We went into both of the routers involved in the link and sure enough one had an OSPF cost of 100 and the other had a cost of like 600. I thought this was a little odd because even with the uneven costing, it still should have flowed correctly, but we fixed it and then checked the results and found the same thing. We went in and started doing more troubleshooting. Everything indicated to OSPF working correctly. Then I had the operator open a continuous ping and the results were surprising, jumping from 2 ms all the way up to 1200 ms in a matter of seconds. Something was seriously wrong.
When we would SSH into the remote router, when ping times would change we would get locked out which made troubleshooting even harder. We shut down the HCLOS link which stabilized everything and got into the other router. We removed the telnet restrictions (protocol and ACL) and then telneted into it sourcing from the local router HCLOS interface (so the session wouldn’t drop when the link went to shit again) and turned the link back on. Sure enough it started doing it again, but this time we could see what was happening. This time, we saw a logging message we hadn’t been able to see before. An already long story a little shorter, another node had the exact same HCLOS configuration (same IP address and everything) in from a previous exercise. OSPF saw an advertisement with that IP address included in the LSA and got confused and flushed the route which is why it kept bouncing all over the place which brings me to the point of the post….Knowing your baseline.
What is a Baseline?
I have asked net techs this question many times over the years, even before I encountered this problem (this was actually the second time that I had a unit that had this problem). Every time I ask, I get the same answer (literally every single time), that it’s whatever they had been handed by General Dynamics when they were fielded or had gone through reset or whatever. That was their baseline configs.
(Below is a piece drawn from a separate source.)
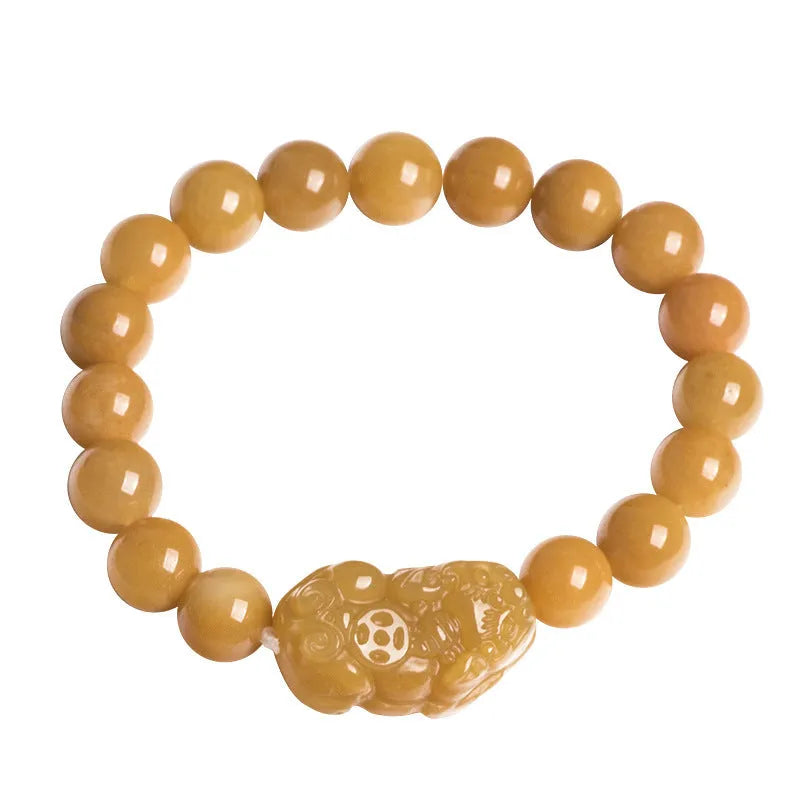 Golden Thread Jinsi Jade money bracelet with carved beads in two size options.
That is absolutely the incorrect answer. Baselines give us a known good configuration to fall back to and start from. Take for example the normal default username/password that is included in the configurations that are issued to each unit. One of the first things you do is to get rid of that and establish your own NETOPS username/password (you’re doing that right?). From that point on, will there ever be a time that you go back to the original? Probably not, so why is it part of your “baseline”? What we have just done is changed the baseline.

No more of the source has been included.